I recently re-observed something I previously looked into in 2023. Every couple of hours, at seemingly random intervals and times, my peers (i.e. the whole network) starts sending a spike in addresses. When I looked into it in 2023, these were mostly “bad” (i.e. i couldn’t connect to them).
I re-observed this when looking at the rate of addresses my Bitcoin Core nodes announces to the peer-observer custom measurement client (p2p-extractor). All of my nodes, which aren’t connected to each other, spiked in addresses gossiped to the p2p-extractor (which is connected via a -addnode manual outbound connection).
The screenshot below shows two spikes I observed in the last 12 hours across all of my nodes. I haven’t checked if these are still mostly “bad” addresses.

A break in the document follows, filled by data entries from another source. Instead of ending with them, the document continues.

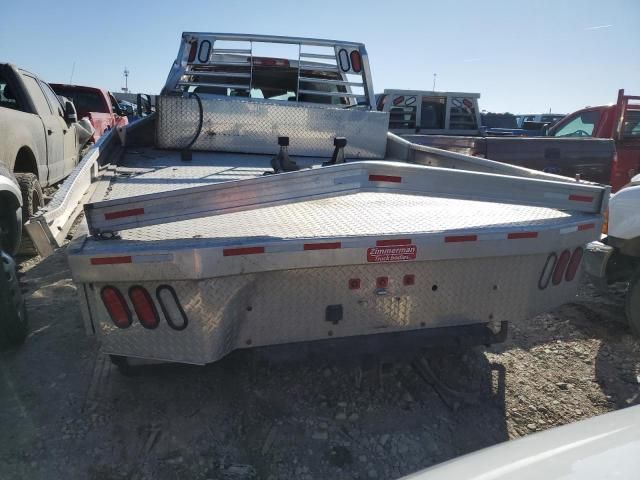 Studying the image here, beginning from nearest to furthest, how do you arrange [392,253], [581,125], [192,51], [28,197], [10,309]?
1. [392,253]
2. [10,309]
3. [28,197]
4. [192,51]
5. [581,125]

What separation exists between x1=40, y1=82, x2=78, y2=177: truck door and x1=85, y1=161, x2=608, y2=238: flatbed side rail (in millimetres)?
6136

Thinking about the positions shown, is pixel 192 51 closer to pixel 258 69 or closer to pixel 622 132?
pixel 258 69

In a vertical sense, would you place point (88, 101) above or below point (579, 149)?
above

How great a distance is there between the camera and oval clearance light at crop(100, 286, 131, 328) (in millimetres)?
2178

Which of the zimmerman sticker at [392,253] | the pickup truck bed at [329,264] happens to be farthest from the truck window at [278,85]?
the zimmerman sticker at [392,253]

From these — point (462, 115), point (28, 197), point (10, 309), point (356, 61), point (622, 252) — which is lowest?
point (10, 309)

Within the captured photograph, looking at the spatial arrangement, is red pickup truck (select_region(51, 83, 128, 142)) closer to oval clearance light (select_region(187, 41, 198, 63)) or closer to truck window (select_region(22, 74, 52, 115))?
truck window (select_region(22, 74, 52, 115))

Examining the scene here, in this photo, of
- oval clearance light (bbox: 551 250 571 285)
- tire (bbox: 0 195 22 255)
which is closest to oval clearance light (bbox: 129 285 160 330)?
oval clearance light (bbox: 551 250 571 285)

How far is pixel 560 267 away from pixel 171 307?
2165 mm

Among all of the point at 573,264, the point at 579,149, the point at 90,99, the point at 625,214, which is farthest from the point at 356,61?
the point at 90,99

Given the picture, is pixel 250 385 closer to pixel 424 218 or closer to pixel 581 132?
pixel 424 218

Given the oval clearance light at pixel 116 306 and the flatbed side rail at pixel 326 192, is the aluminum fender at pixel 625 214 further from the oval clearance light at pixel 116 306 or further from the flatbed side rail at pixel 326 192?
the oval clearance light at pixel 116 306

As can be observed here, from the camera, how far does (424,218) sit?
2744 mm

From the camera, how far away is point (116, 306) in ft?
7.26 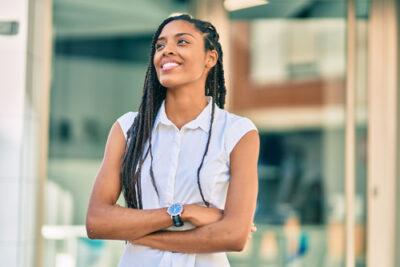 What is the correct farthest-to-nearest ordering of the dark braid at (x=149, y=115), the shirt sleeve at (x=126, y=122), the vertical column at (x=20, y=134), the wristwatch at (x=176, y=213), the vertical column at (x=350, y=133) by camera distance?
1. the vertical column at (x=350, y=133)
2. the vertical column at (x=20, y=134)
3. the shirt sleeve at (x=126, y=122)
4. the dark braid at (x=149, y=115)
5. the wristwatch at (x=176, y=213)

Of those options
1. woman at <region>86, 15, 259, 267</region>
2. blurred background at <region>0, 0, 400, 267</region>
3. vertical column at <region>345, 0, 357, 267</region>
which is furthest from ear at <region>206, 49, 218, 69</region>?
vertical column at <region>345, 0, 357, 267</region>

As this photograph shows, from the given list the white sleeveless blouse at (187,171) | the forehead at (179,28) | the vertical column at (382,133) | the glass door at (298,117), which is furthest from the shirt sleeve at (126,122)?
the vertical column at (382,133)

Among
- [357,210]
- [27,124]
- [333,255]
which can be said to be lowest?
[333,255]

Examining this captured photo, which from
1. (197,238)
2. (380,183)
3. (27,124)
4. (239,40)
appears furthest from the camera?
(239,40)

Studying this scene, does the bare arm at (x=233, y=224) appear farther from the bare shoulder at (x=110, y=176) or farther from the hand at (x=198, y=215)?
the bare shoulder at (x=110, y=176)

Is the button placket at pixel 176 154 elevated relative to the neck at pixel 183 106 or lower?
lower

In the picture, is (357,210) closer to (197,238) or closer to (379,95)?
(379,95)

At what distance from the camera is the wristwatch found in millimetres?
2094

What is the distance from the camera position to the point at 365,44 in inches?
229

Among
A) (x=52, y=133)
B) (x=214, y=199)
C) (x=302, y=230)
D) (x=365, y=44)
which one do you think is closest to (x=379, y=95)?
(x=365, y=44)

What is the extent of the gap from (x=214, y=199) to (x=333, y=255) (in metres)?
4.05

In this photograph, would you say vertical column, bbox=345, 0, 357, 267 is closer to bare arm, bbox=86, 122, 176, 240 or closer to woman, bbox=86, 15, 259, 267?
woman, bbox=86, 15, 259, 267

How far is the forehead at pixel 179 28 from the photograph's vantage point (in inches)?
87.0

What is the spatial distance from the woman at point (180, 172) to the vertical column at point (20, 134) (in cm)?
261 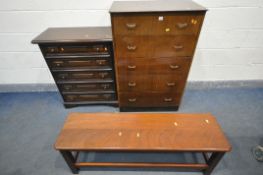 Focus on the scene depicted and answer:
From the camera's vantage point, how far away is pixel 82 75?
1820 millimetres

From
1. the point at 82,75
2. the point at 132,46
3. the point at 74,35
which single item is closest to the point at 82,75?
the point at 82,75

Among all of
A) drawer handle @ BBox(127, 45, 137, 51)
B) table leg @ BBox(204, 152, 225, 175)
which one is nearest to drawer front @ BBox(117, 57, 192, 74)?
drawer handle @ BBox(127, 45, 137, 51)

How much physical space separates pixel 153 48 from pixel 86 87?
1.03 meters

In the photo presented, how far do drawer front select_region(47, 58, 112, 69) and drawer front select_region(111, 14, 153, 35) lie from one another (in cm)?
44

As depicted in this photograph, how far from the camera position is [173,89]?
5.82 feet

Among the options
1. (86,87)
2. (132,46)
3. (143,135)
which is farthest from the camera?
(86,87)

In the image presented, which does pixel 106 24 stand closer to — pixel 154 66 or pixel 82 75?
pixel 82 75

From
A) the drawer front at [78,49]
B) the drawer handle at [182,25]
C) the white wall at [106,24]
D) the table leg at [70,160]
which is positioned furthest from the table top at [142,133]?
the white wall at [106,24]

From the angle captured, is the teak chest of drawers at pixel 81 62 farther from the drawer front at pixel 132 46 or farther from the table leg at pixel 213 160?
the table leg at pixel 213 160

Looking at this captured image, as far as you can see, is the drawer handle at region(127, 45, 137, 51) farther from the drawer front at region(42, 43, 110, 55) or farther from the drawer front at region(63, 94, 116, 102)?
the drawer front at region(63, 94, 116, 102)

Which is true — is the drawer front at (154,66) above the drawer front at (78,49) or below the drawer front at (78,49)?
below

These are two plots from March 2023 I did back then. On the y-axis is peer_id (higher id/newer connections are further up). On the x-axis is time. Red indicates a “bad” address (I can’t connect to it) and green indicates a “good” address which I can connect to and do a version handshake.
all of our peers send us more addresses at (there’s less white space to see)
most of the addresses are “bad” (there’s more red dots to see)
during the spike, we get inbound connections at a higher rate and they are mostly short-lived and send us a few bad addresses (the red dots without any other addresses afterwards)
I’ve yet to check if the recent spikes still show the same behavior. I do have a fair bit of historical data on this though.